Problem description.
Could you repeat exactly the lines below, from the line containing "Aktivhaus: Das Grundlagenwerk" through the last one, both included, while leaving out any pictures?

(Data excerpts)
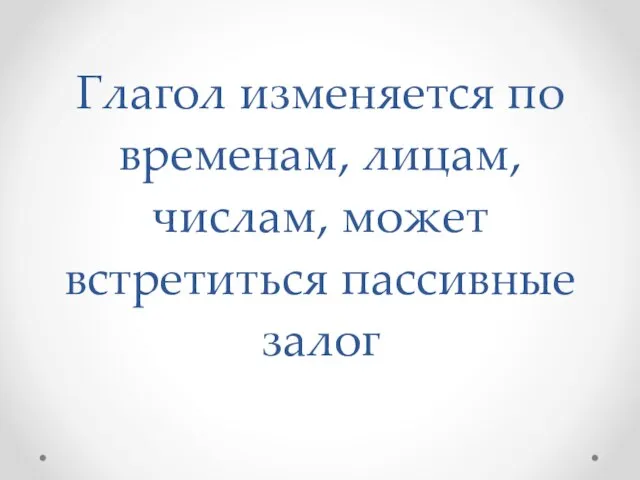 Глагол изменяется по временам, лицам, числам, может встретиться пассивные залог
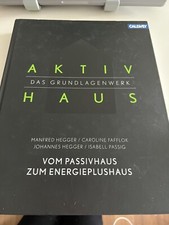 Aktivhaus: Das Grundlagenwerk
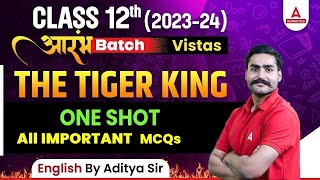 The Tiger King Class 12 MCQs  Class 12 English [upl. by Aihppa]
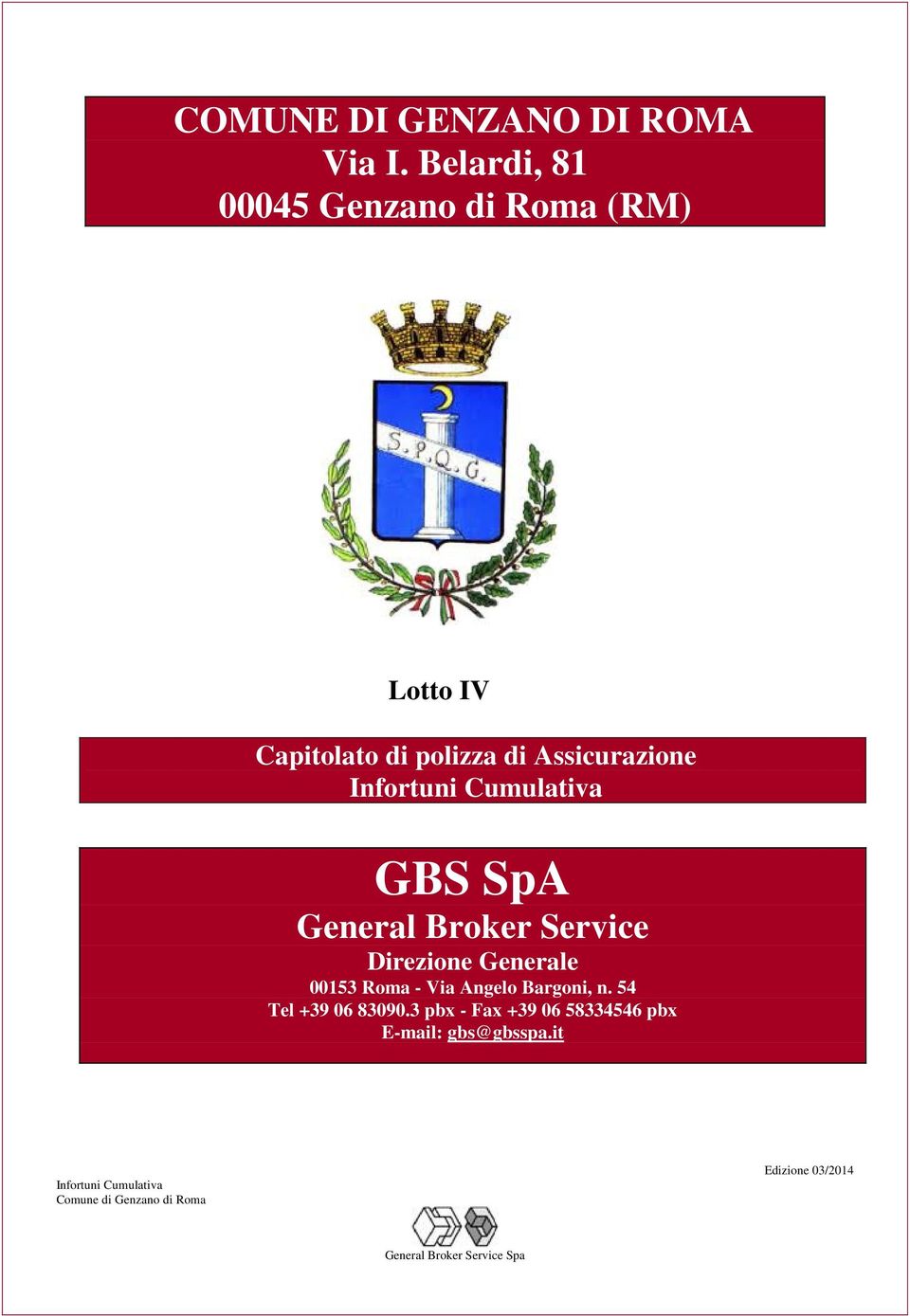 Assicurazione GBS SpA General Broker Service Direzione Generale 00153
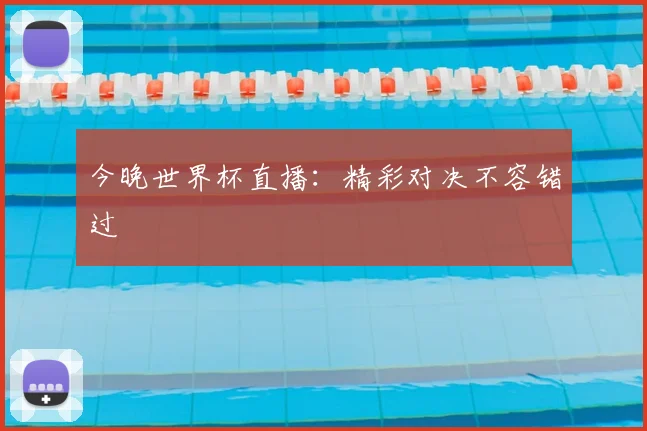 今晚世界杯直播：精彩对决不容错过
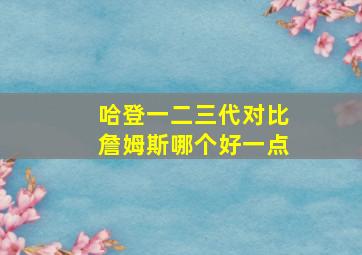 哈登一二三代对比詹姆斯哪个好一点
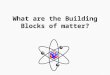 What are the Building Blocks of matter?. Main Idea: all matter is made up of particles called atoms. An atom is the smallest unit of an element. Elements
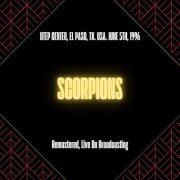 Scorpions - UTEP Center, El Paso, TX. USA. June 5th, 1996 (Remastered, Live On Broadcasting) (2025) [Hi-Res]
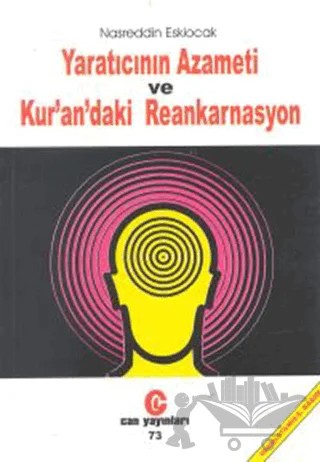 Yaratıcının Azameti ve Kur’an’daki Reankarnasyon – Nasreddin Eskiocak – Can Yayınları (Ali Adil Atalay) kitap kapağı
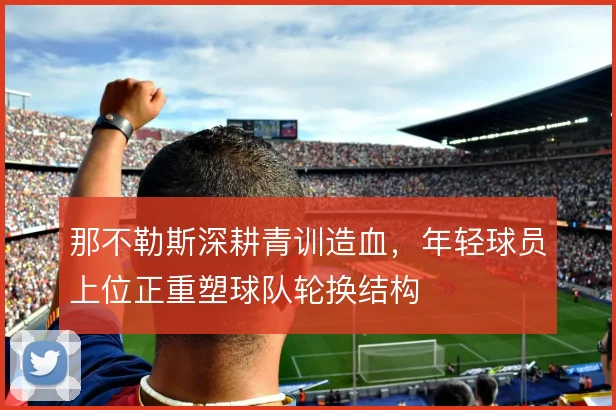 那不勒斯深耕青训造血，年轻球员上位正重塑球队轮换结构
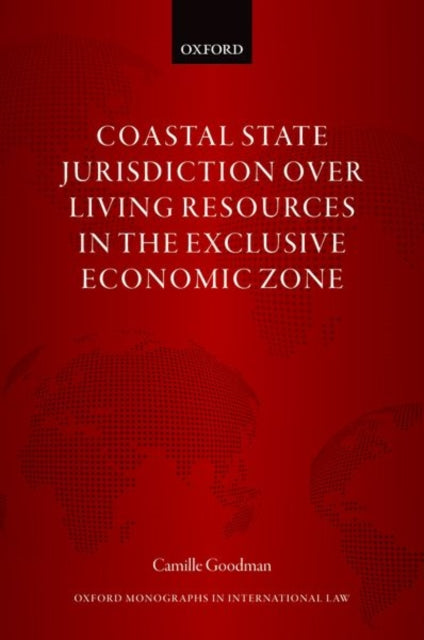 Book cover of: Coastal State Jurisdiction over Living Resources in the Exclusive Economic Zone. By: Camille Goodman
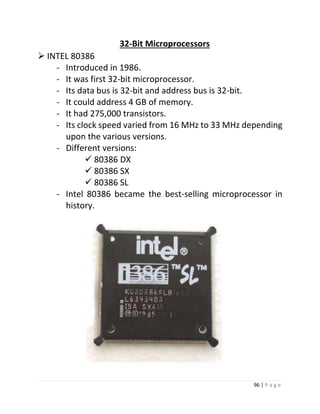 96 | P a g e 
32-Bit Microprocessors 
 INTEL 80386 
- Introduced in 1986. 
- It was first 32-bit microprocessor. 
- Its data bus is 32-bit and address bus is 32-bit. 
- It could address 4 GB of memory. 
- It had 275,000 transistors. 
- Its clock speed varied from 16 MHz to 33 MHz depending upon the various versions. 
- Different versions: 
 80386 DX 
 80386 SX 
 80386 SL 
- Intel 80386 became the best-selling microprocessor in history. 
 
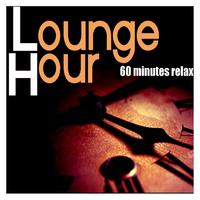 Lounge Hour - 60 Minutes Relax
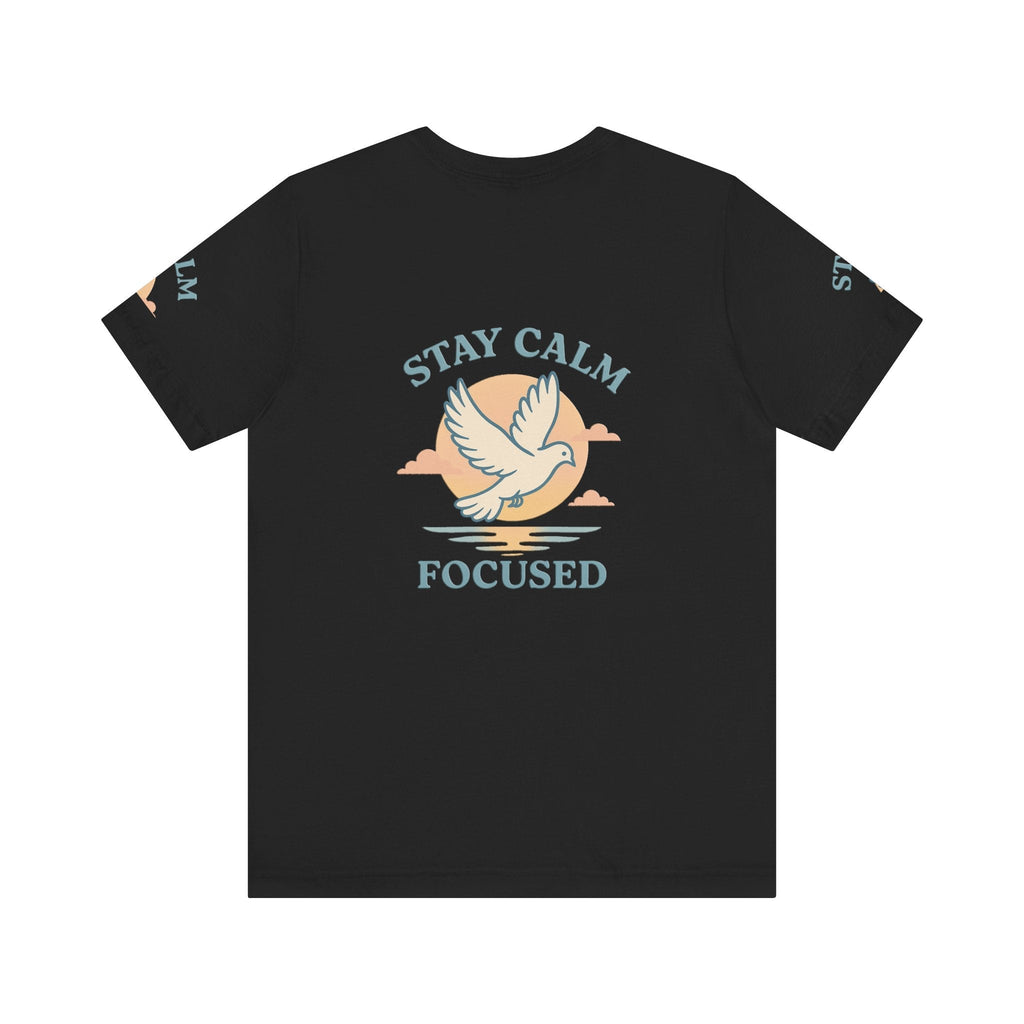 Black unisexT-shirt with "Stay Calm Focused" text and white dove graphic on the back, breathable cotton fabric.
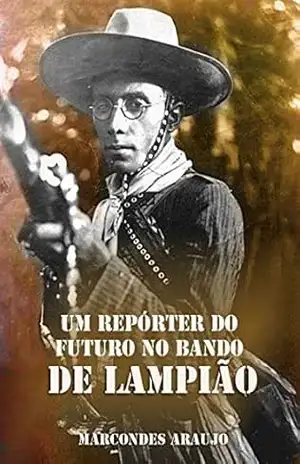 Capa do livro Um repórter do futuro no bando de Lampião - Marcondes Araujo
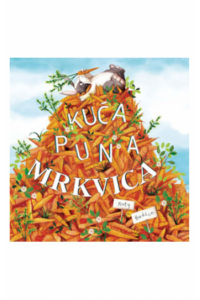 Kuća puna mrkvica (Slikovnica) - naslovnica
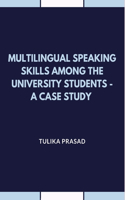 Multilingual Speaking Skills Among the University Students - A Case Study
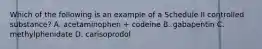 Which of the following is an example of a Schedule II controlled substance? A. acetaminophen + codeine B. gabapentin C. methylphenidate D. carisoprodol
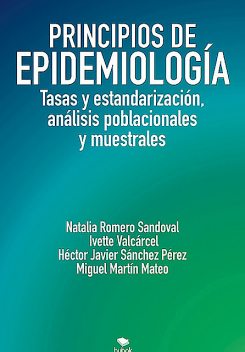 Principios de Epidemiología, Ivette Valcárcel, Héctor Javier Sánchez Pérez, Miguel Martín Mateo, Natalia Romero Sandoval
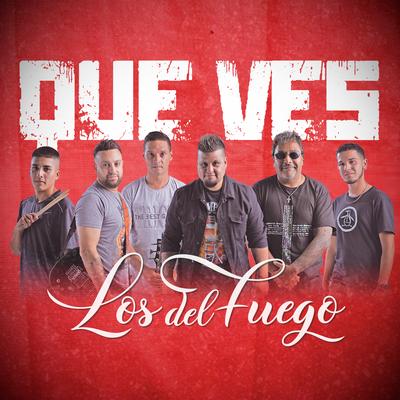 Que Ves By Los del Fuego's cover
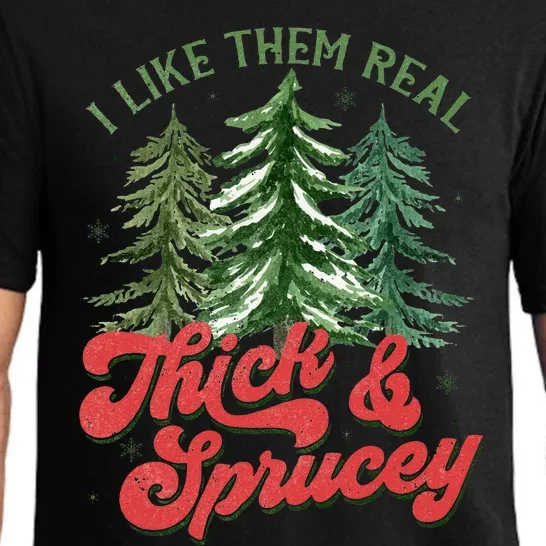 I Like Them Real Thick And Sprucey Christmas Tree Funny Pajama Set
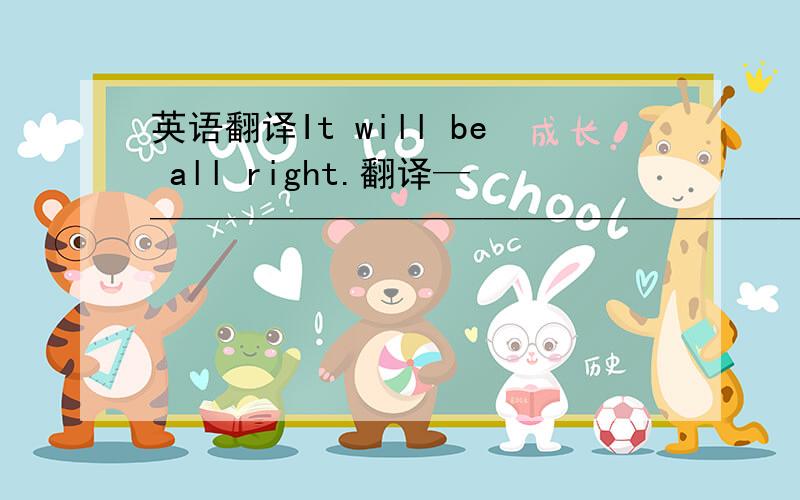 英语翻译It will be all right.翻译————————————————————————————————参考英语书第六册第十模块（38页第一段倒数第二句,奶奶说的话）需要有根据的回答,正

Finished exercise.
 Aktivhaus: Das Grundlagenwerk
 The Tiger King Class 12 MCQs  Class 12 English [upl. by Aihppa]
 Assicurazione GBS SpA General Broker Service Direzione Generale 00153
 今晚世界杯直播：精彩对决不容错过
 哈登一二三代对比詹姆斯哪个好一点
 What are the Building Blocks of matter?. Main Idea: all matter is made up of particles called atoms. An atom is the smallest unit of an element. Elements
 Scorpions - UTEP Center, El Paso, TX. USA. June 5th, 1996 (Remastered, Live On Broadcasting) (2025) [Hi-Res]
 Yaratıcının Azameti ve Kur’an’daki Reankarnasyon – Nasreddin Eskiocak – Can Yayınları (Ali Adil Atalay) kitap kapağı
 那不勒斯深耕青训造血，年轻球员上位正重塑球队轮换结构
 Book cover of: Coastal State Jurisdiction over Living Resources in the Exclusive Economic Zone. By: Camille Goodman
 96 | P a g e 
32-Bit Microprocessors 
 INTEL 80386 
- Introduced in 1986. 
- It was first 32-bit microprocessor. 
- Its data bus is 32-bit and address bus is 32-bit. 
- It could address 4 GB of memory. 
- It had 275,000 transistors. 
- Its clock speed varied from 16 MHz to 33 MHz depending upon the various versions. 
- Different versions: 
 80386 DX 
 80386 SX 
 80386 SL 
- Intel 80386 became the best-selling microprocessor in history. 
 
 Lounge Hour - 60 Minutes Relax
 Black unisexT-shirt with "Stay Calm Focused" text and white dove graphic on the back, breathable cotton fabric.
 Capa do livro Um repórter do futuro no bando de Lampião - Marcondes Araujo
 Kuća puna mrkvica (Slikovnica) - naslovnica
 Multilingual Speaking Skills Among the University Students - A Case Study
 Which of the following is an example of a Schedule II controlled substance? A. acetaminophen + codeine B. gabapentin C. methylphenidate D. carisoprodol
 Principios de Epidemiología, Ivette Valcárcel, Héctor Javier Sánchez Pérez, Miguel Martín Mateo, Natalia Romero Sandoval
 Que Ves By Los del Fuego's cover
 I Like Them Real Thick And Sprucey Christmas Tree Funny Pajama Set
 英语翻译It will be all right.翻译————————————————————————————————参考英语书第六册第十模块（38页第一段倒数第二句,奶奶说的话）需要有根据的回答,正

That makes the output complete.